**What the exercise asks**
Under this line sits a listing. Repeat exactly and only its lines from the one holding "Şans Women's Large" through the one holding "Vintage Gold Tone"; skip pictures.

━━━ Supplied data

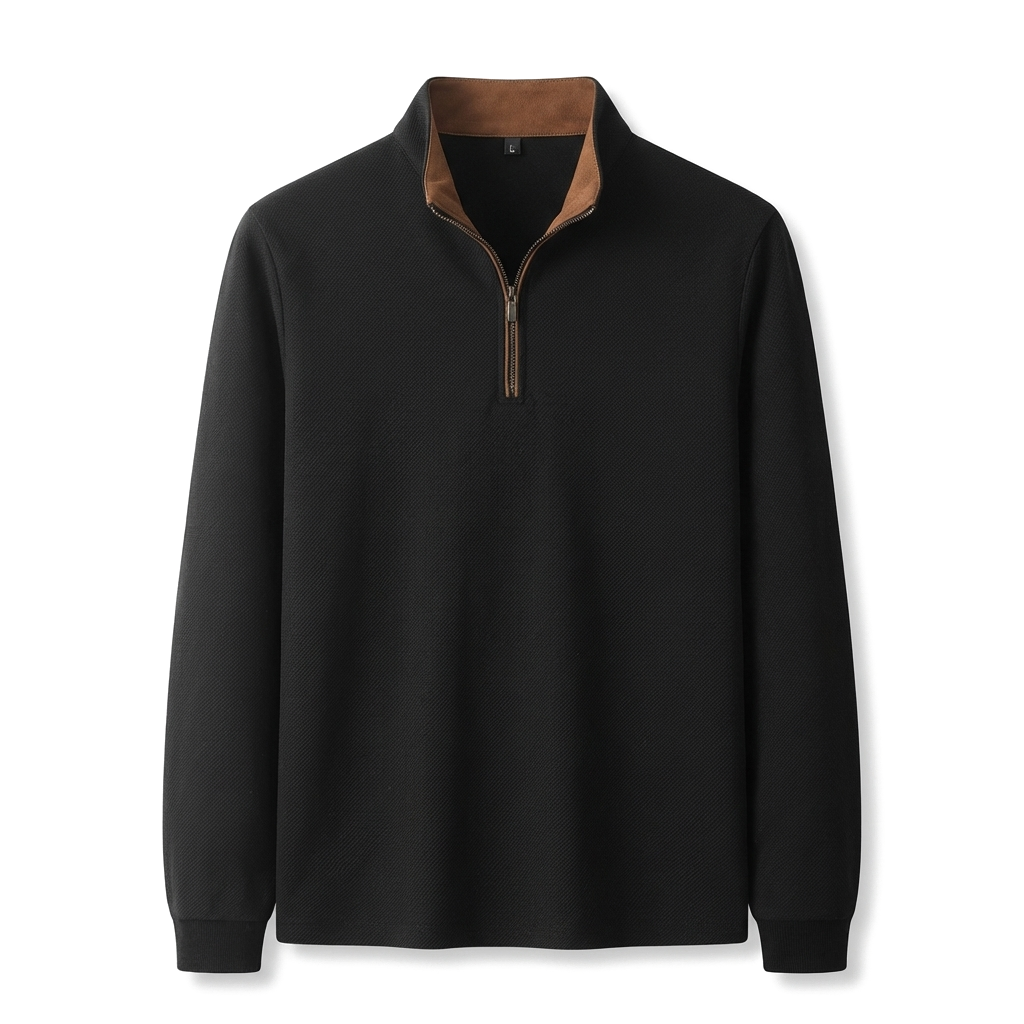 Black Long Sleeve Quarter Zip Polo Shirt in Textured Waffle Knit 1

━━━━━━
━━━ Supplied data

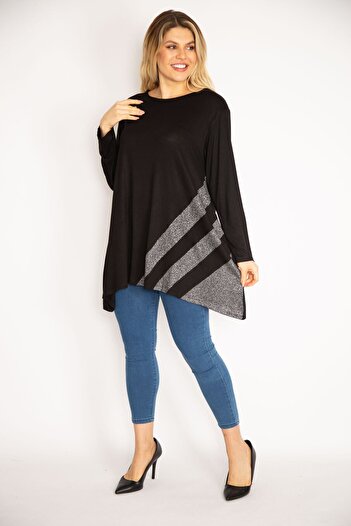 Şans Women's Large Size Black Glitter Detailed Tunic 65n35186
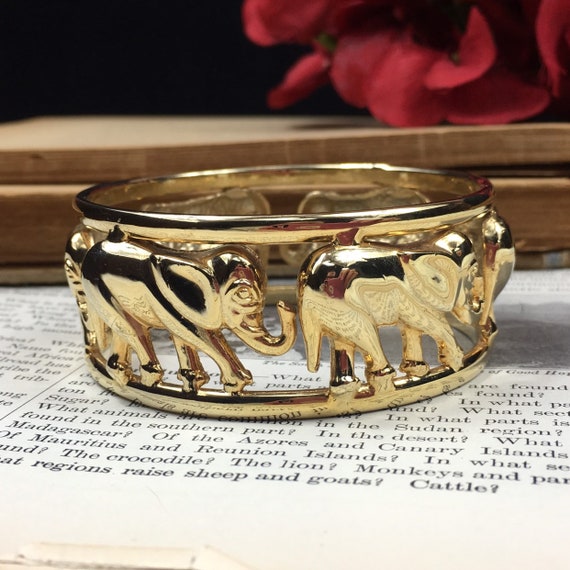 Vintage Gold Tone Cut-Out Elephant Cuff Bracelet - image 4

━━━━━━
━━━ Supplied data

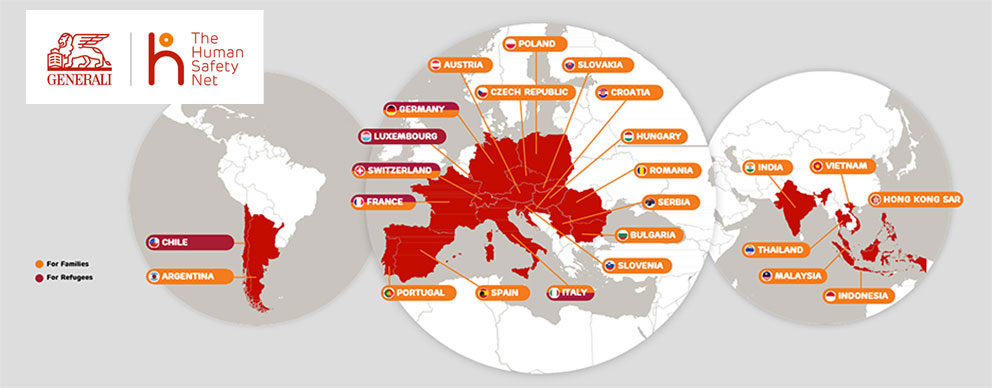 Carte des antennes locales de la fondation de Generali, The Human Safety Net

━━━━━━

**Reply**
 Şans Women's Large Size Black Glitter Detailed Tunic 65n35186
 Vintage Gold Tone Cut-Out Elephant Cuff Bracelet - image 4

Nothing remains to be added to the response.